• **Activity**
Excluding pictures, transcribe precisely the lines from the one containing "Person holding glowing" to the final line of the listing below, inclusive, and nothing more.

+++

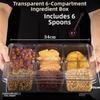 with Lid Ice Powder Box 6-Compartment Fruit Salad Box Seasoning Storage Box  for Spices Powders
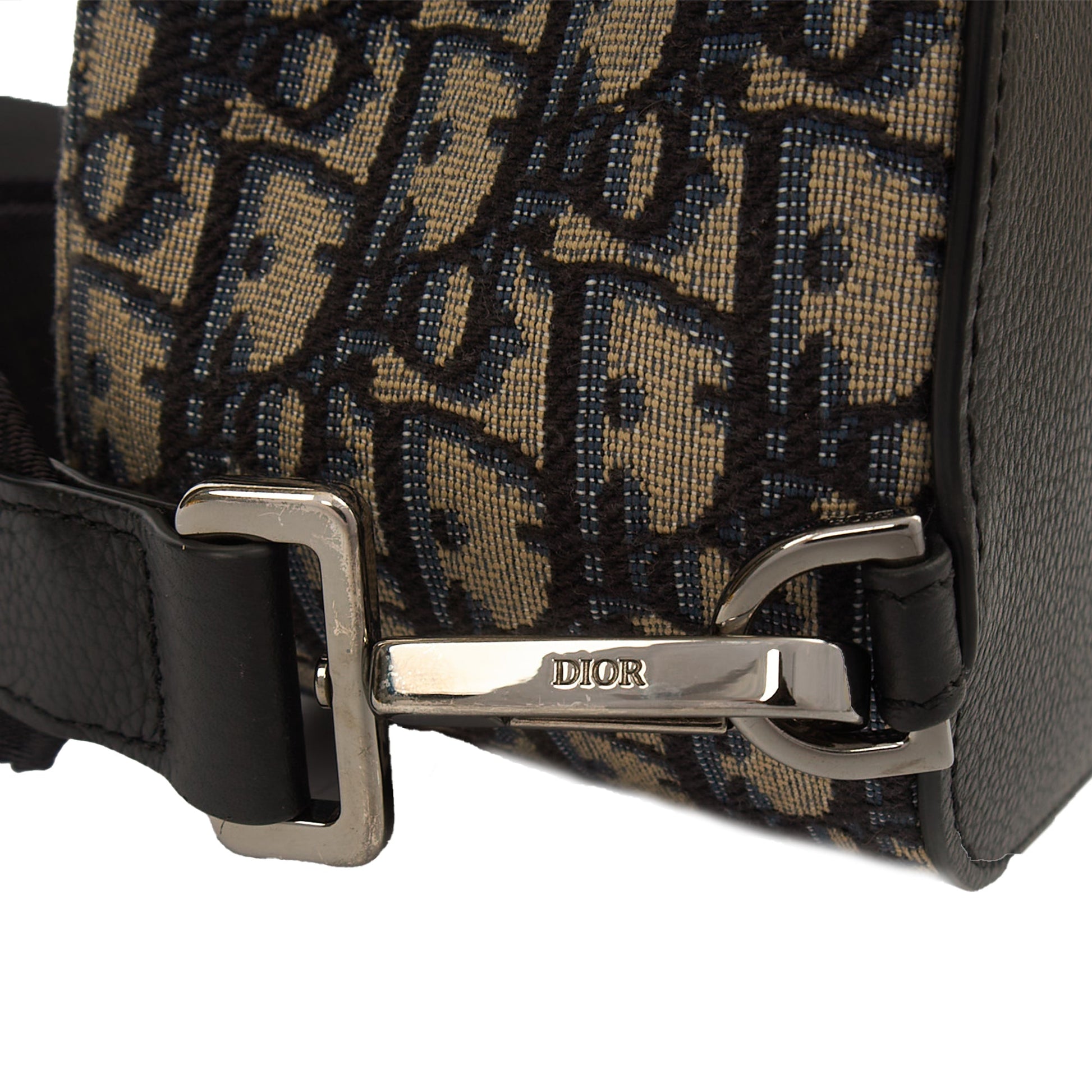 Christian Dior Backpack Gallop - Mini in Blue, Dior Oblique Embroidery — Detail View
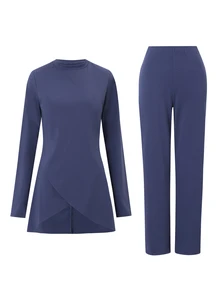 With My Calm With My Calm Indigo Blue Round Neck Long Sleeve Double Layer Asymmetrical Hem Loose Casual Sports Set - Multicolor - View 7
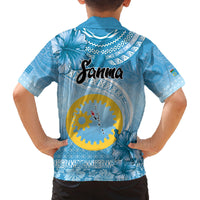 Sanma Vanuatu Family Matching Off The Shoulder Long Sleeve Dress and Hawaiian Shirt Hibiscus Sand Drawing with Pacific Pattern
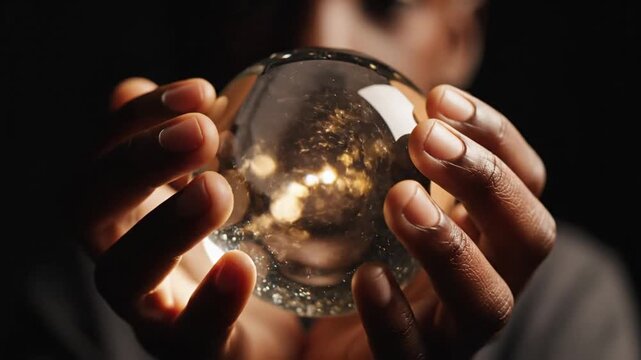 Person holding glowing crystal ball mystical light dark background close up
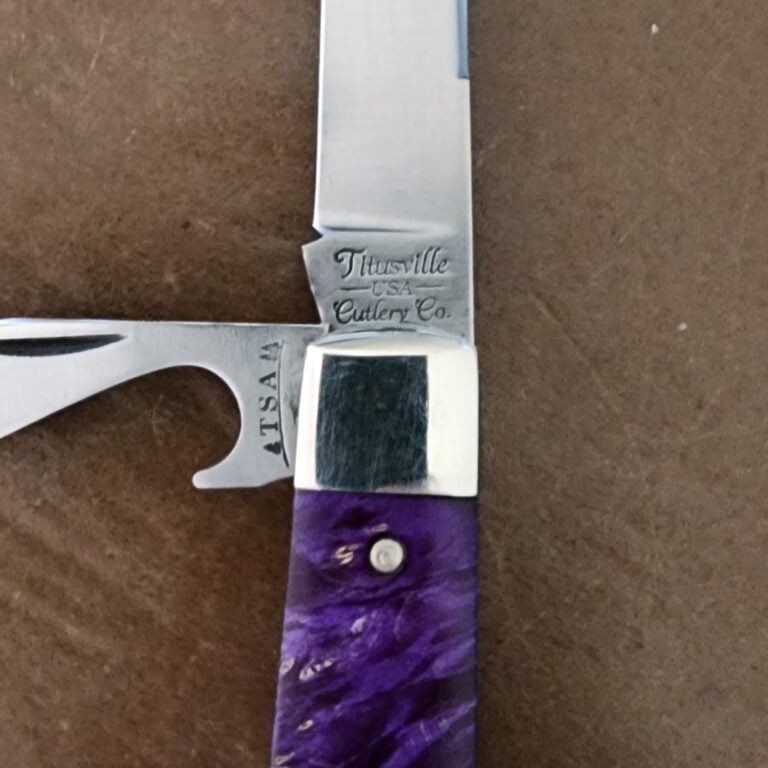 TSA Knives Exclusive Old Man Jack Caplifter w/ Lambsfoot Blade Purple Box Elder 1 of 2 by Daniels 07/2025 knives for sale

+++

• **Reply to the exercise**
 Person holding glowing crystal ball mystical light dark background close up
 TSA Knives Exclusive Old Man Jack Caplifter w/ Lambsfoot Blade Purple Box Elder 1 of 2 by Daniels 07/2025 knives for sale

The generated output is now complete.